In particular, libarchive's modules to read or write a directory
tree do use
chdir() to optimize the directory traversals. This
can cause problems for programs that expect to do disk access from
multiple threads. Of course, those modules are completely
optional and you can use the rest of libarchive without them.
The library is not thread aware, however. It does no locking or thread management of any kind. If you create a libarchive object and need to access it from multiple threads, you will need to provide your own locking.
On read, the library accepts whatever blocks you hand it. Your read callback is free to pass the library a byte at a time or mmap the entire archive and give it to the library at once. On write, the library always produces correctly-blocked output.
The object-style approach allows you to have multiple archive streams open at once. bsdtar uses this in its "@archive" extension.
The archive itself is read/written using callback functions. You can read an archive directly from an in-memory buffer or write it to a socket, if you wish. There are some utility functions to provide easy-to-use "open file," etc, capabilities.
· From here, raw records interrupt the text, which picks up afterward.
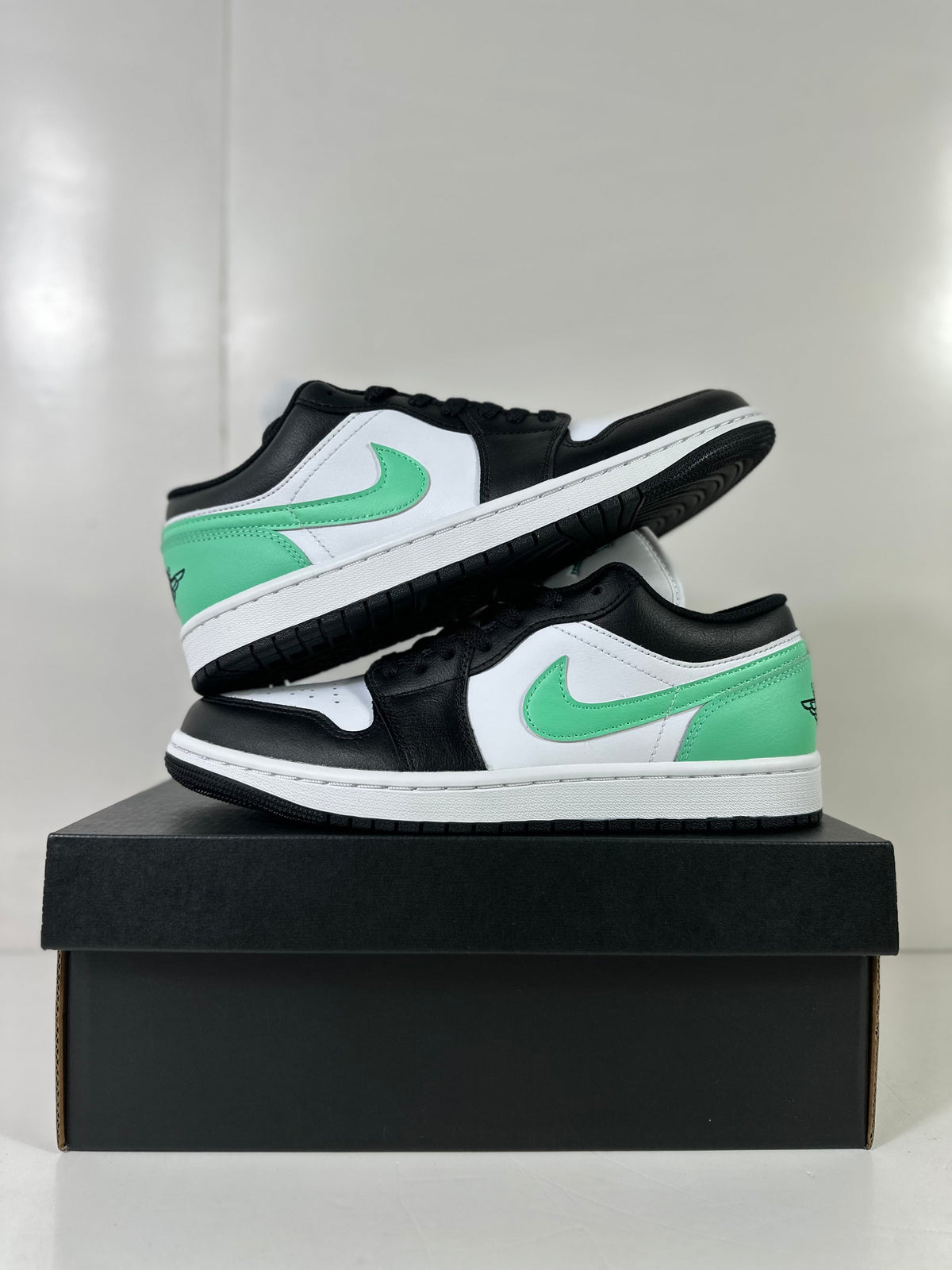 Air Jordan 1 Low White Green Black Sneakers 553558-131 - product image from the listing.
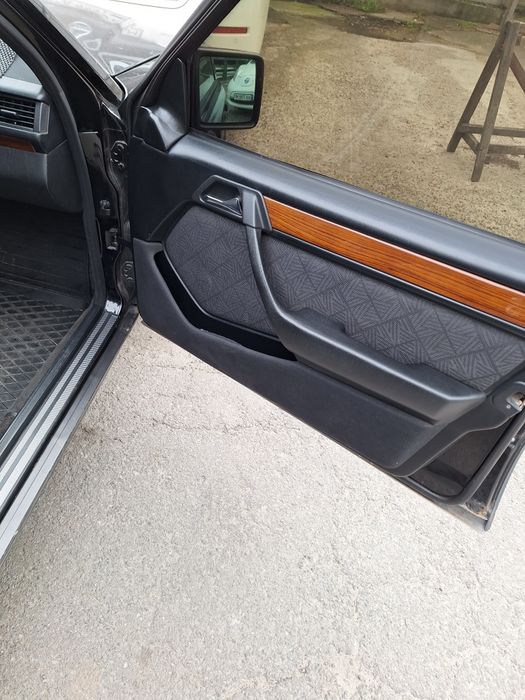 Мерседес е200 124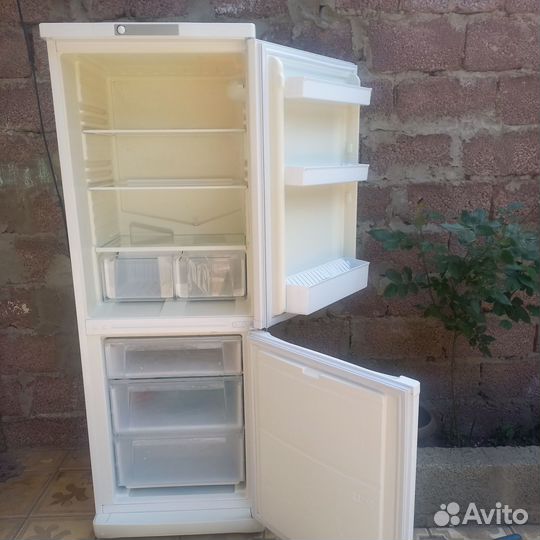 Продаётся холодильник Стинол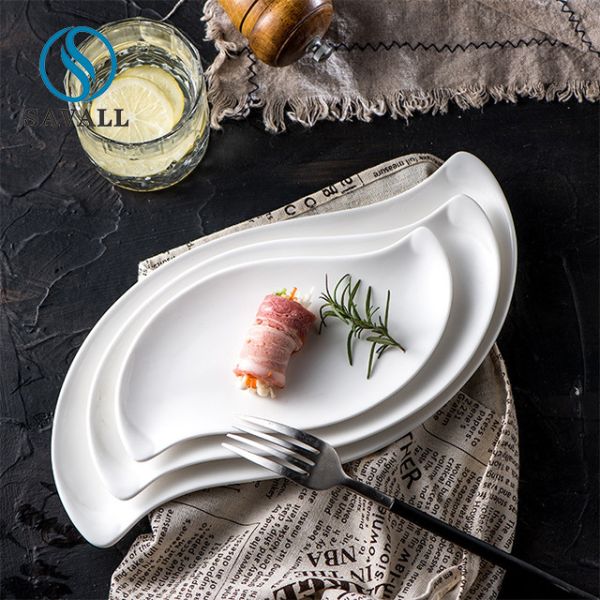 Buy Irregular Plain White Banqueting Wedding Porcelain Plates ODM Personalized at wholesale prices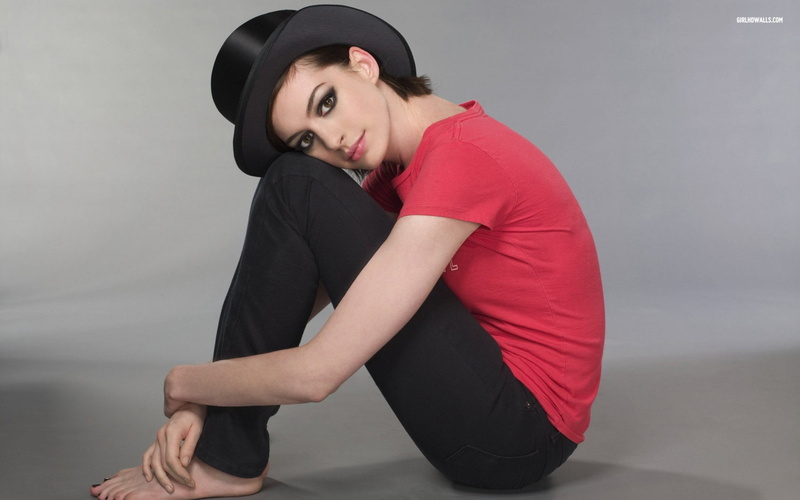 Anne Hathaway, top hat, black color, hairstyle, full length, lifestyles, clothing, anna, looking, fashion, looking at camera, young women, beautiful woman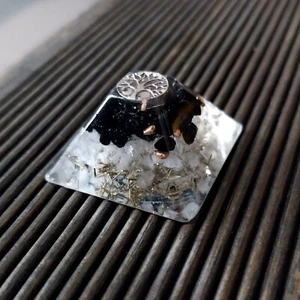 Orgonit Pyramide mini, mit Baum des Lebens, Edelsteine Schutz Shungit Orgon (05) - Bild 1 von 4
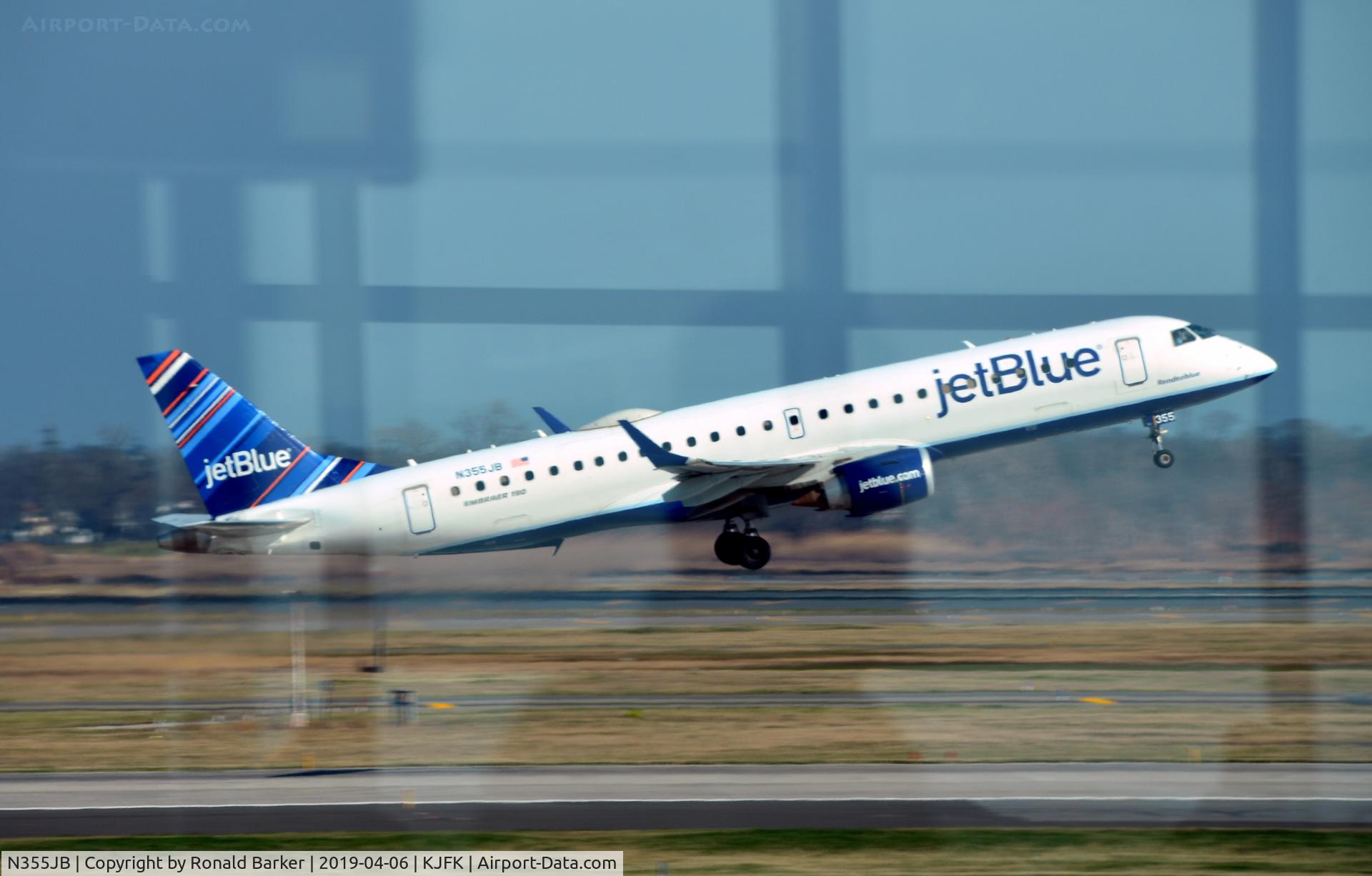 N355JB, 2013 Embraer 190AR (ERJ-190-100IGW) C/N 19000617, Takeoff JFK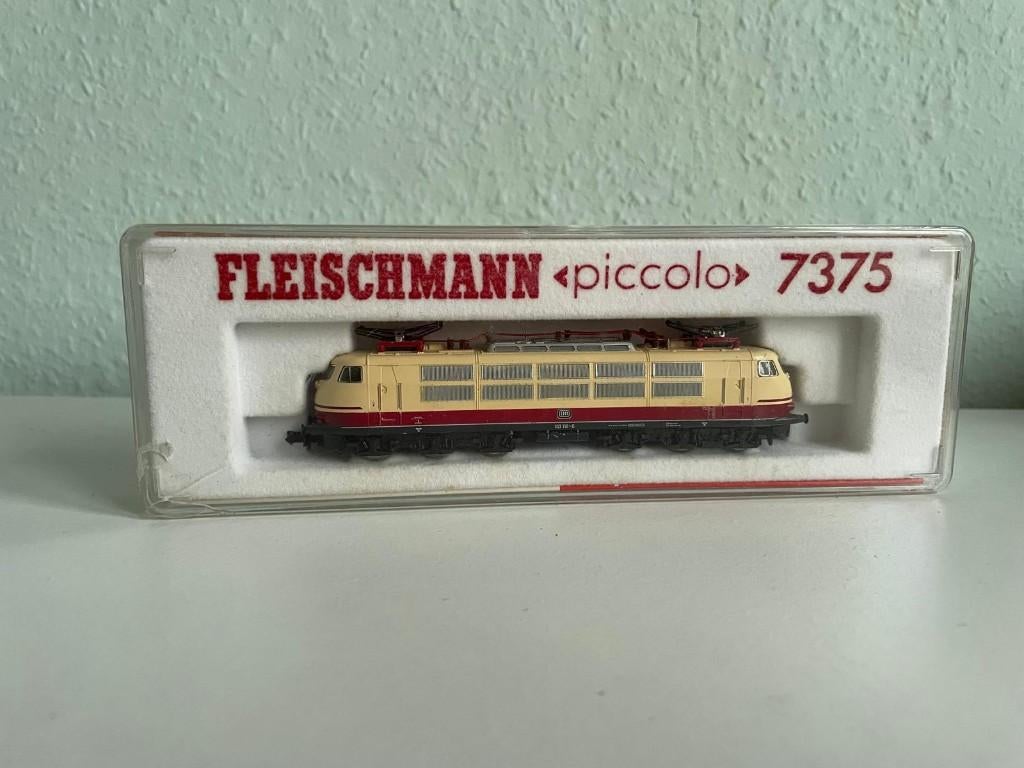 Locomotief Fleischmann Piccolo 7375 (N-Spoor) BR 103 TEE DB, Gebruikt, Fleischmann, Ophalen of Verzenden, Analoog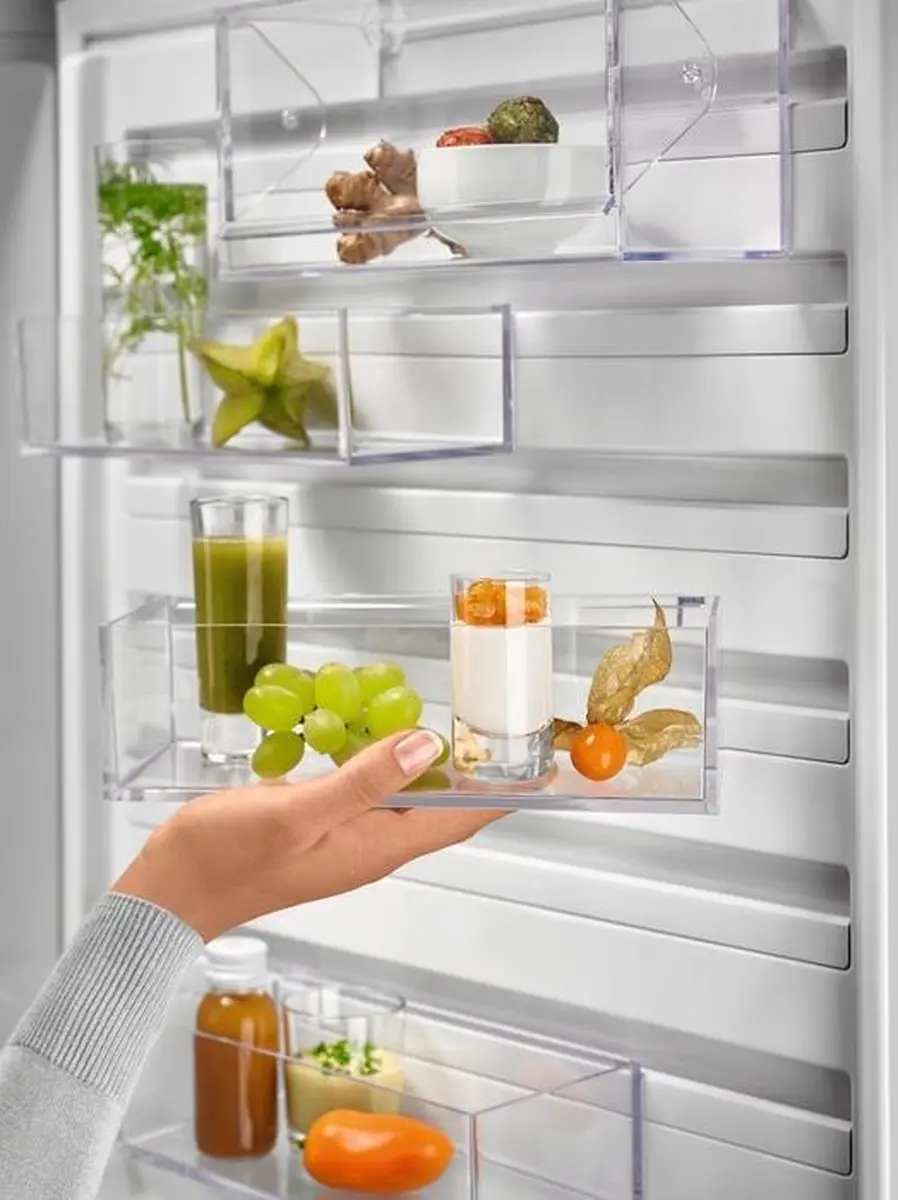 Electrolux LNC7ME32X2 Koelvriescombinatie - 330L - Grijs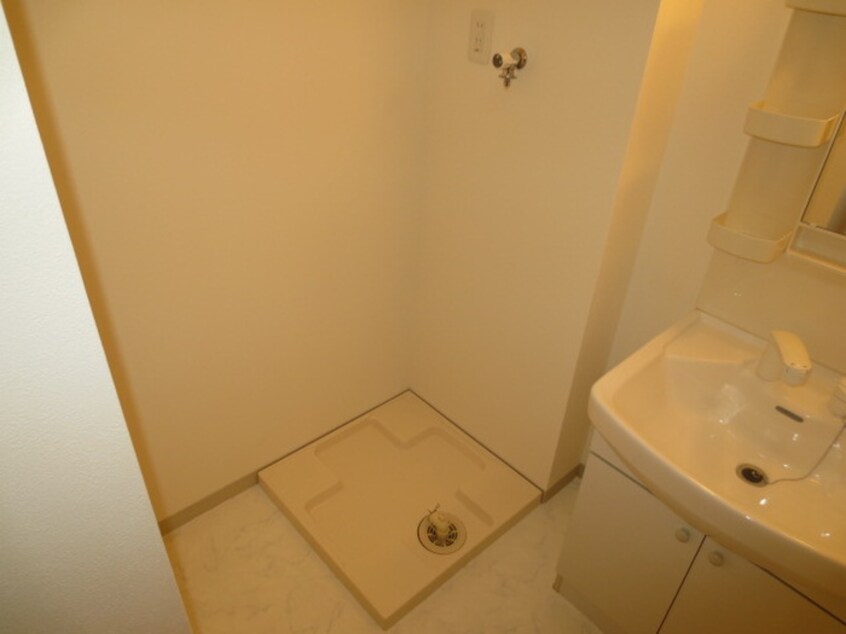 洗濯機置場 Ｈ－Ｆ名駅北レジデンスＥＡＳＴ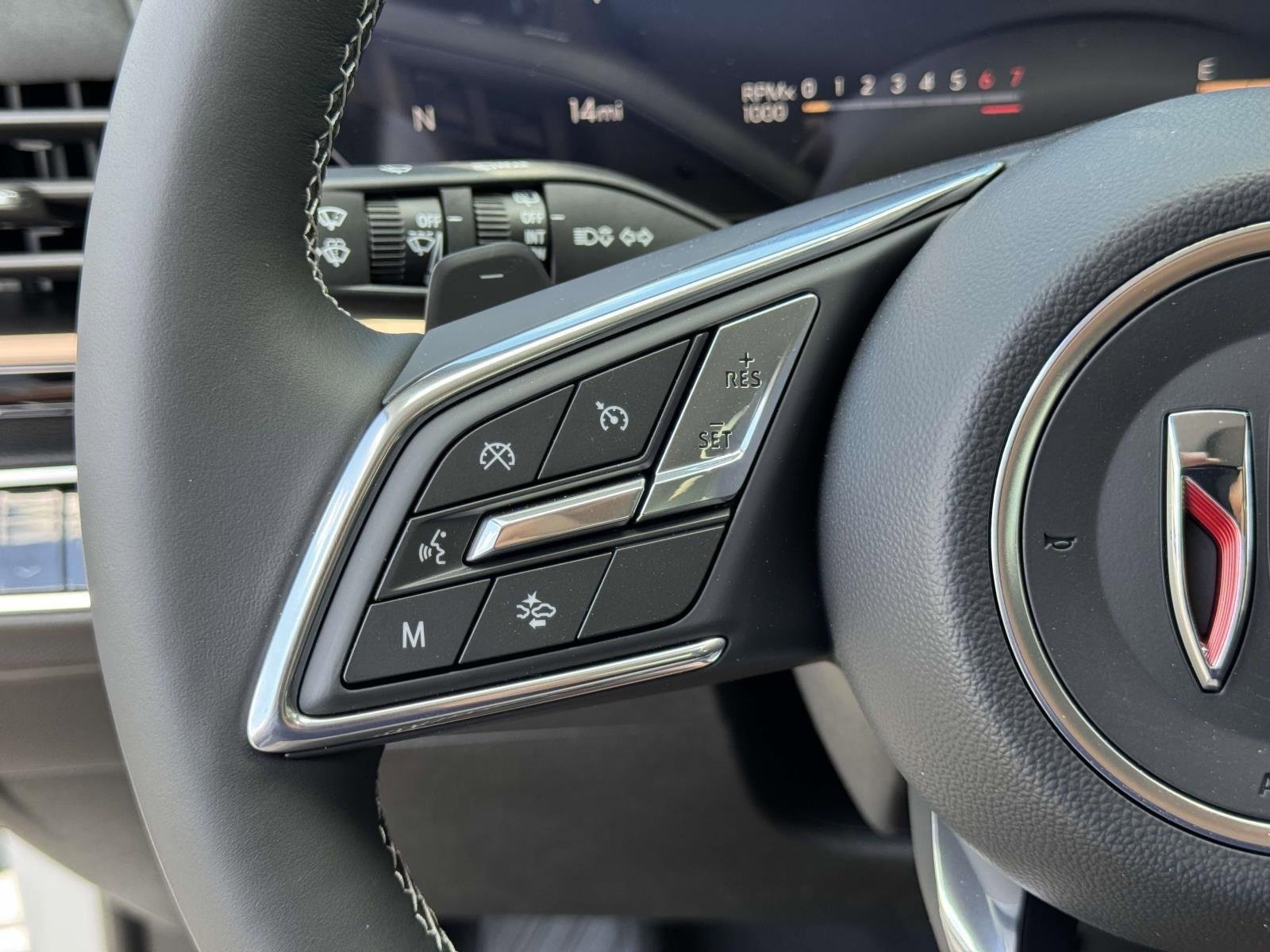 New 2025 Buick Envision Sport Touring image 9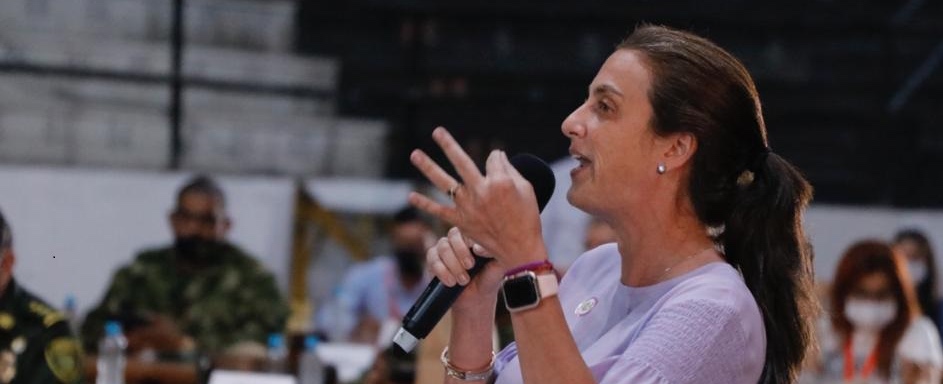 En el encuentro, la jefe de la cartera TIC explicó a los colombianos que Vende Digital está compuesto por dos iniciativas.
The read/write APIs are designed to allow individual entries to be read or written to any data source: You can create a block of data in memory and add it to a tar archive without first writing a temporary file. You can also read an entry from an archive and write the data directly to a socket. If you want to read/write entries to disk, there are convenience functions to make this especially easy.
Note: The "pax interchange format" is a POSIX standard extended tar format that should be used when the older ustar format is not appropriate. It has many advantages over other tar formats (including the legacy GNU tar format) and is widely supported by current tar implementations.